Padilla, a pesar de su enorme poder e influencia, y muchas polémicas sobre las espaldas, siempre mostró una capacidad notable para dialogar con sus críticos. Doy fe: pese a mis textos en Letras Libres solicitando le retiraran el premio FIL a Alfredo Bryce Echenique, descubierta su pulsión suicida de plagiario como columnista, hecho que nada tenía que ver con sus geniales novelas obra de ficción, Padilla nunca me retiró su confianza ni su aprecio. Supo distinguir entre la crítica y el ataque, y entendía que la feria debía convivir con la discusión intelectual, incluso cuando ésta afectara decisiones suyas.
Para mí, volver a la FIL este 2025, tras seis años de ausencia y muchas vicisitudes personales, ha sido particularmente intenso. No es solo regresar a un evento, sino a un espacio cargado de memoria personal. Cada retorno ha supuesto una etapa distinta de mi vida profesional y personal, y en cada ocasión, la feria ha ofrecido algo diferente, sin dejar de ser reconocible. Pero también sé que esta es solo mi historia. La FIL es un mirador múltiple, subjetivo, plural. Decenas, cientos, quizás miles de agentes culturales —editores, autores, lectores, académicos, funcionarios, periodistas— tienen su propio relato ligado a la feria, su propio jeroglífico que descifrar. Y eso es parte de lo que explica su fuerza: no hay una sola FIL, sino muchas, tantas como trayectorias se han tejido en sus pasillos.

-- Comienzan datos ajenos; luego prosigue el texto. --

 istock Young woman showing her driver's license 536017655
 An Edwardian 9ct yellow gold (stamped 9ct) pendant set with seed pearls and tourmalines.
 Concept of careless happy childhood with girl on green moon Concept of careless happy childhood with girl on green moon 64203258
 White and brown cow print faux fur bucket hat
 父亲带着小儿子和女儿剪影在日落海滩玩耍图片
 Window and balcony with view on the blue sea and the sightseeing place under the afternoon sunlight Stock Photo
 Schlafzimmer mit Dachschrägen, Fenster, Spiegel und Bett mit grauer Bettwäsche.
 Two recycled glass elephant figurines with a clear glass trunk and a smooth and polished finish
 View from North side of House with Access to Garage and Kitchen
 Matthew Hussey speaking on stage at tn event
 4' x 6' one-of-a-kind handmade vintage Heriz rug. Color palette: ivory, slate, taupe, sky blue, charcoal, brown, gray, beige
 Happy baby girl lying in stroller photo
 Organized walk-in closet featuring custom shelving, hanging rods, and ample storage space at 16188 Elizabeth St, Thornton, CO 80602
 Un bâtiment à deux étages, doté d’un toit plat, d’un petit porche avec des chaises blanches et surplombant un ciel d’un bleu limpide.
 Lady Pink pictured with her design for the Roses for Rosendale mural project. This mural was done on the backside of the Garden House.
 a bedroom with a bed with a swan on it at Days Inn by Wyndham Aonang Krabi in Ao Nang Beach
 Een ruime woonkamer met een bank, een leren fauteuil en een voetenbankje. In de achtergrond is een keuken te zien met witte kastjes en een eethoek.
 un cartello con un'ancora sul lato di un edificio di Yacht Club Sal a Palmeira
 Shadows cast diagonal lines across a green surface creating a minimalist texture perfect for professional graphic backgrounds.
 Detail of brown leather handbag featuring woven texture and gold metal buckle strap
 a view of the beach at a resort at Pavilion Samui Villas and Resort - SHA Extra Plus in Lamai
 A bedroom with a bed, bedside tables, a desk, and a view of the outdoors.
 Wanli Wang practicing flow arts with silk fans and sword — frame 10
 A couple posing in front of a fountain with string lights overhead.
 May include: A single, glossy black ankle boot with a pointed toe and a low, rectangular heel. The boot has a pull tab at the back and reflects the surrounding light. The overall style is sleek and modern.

Bien. Pues este año descubrí que, pese a sus pasillos abarrotados, las estanterías llenas y una agenda inagotable de actividades, la FIL está en riesgo. No es un peligro inminente ni evidente, pero sí profundo. La feria sigue funcionando como un reloj, pero algunos de los resortes que la hicieron única están bajo presión.
«El Gobierno de México bajo la administración de la llamada ‘Cuarta Transformación’ (4T) ha mantenido una postura crítica hacia la feria»
Primero, una presión política. Por un lado, el Gobierno de México bajo la administración de la llamada «Cuarta Transformación» (4T) ha mantenido una postura crítica hacia la feria. El propio expresidente Andrés Manuel López Obrador, haciendo gala de su proverbial incultura y soberbia, la calificó de feria «neoliberal». Eso llevó a una reducción del subsidio federal y a intentos de alineamiento ideológico. Esta postura contrasta con la del viejo PRI, que no perseguía la disidencia cultural, sino que la fomentaba para legitimarse políticamente, como señaló Mario Vargas Llosa al calificarla como «dictadura perfecta».
Por otra parte, la concentración del mercado editorial, la fragilidad de las pequeñas editoriales independientes, el avance de una corrección ideológica que vuelve predecible la conversación pública, y el desplazamiento del interés cultural hacia lo digital han cambiado el ecosistema. La FIL se mantiene en pie por la fuerza de su inercia, por la necesidad del sector de encontrarse una vez al año, por el prestigio acumulado. Pero hay menos riesgo intelectual, menos espacio para lo inesperado, menos tensión creativa. La feria sigue siendo un hito, pero ya no marca el pulso cultural como antes. El peligro no es su desaparición, sino su domesticación. Que se vuelva una rutina sin alma, una gran maquinaria eficiente pero sin preguntas ni vértigo. Y eso solo se evita si quienes la sostienen —desde los organizadores hasta los asistentes— son conscientes de lo que está en juego y dispuestos a proteger su singularidad.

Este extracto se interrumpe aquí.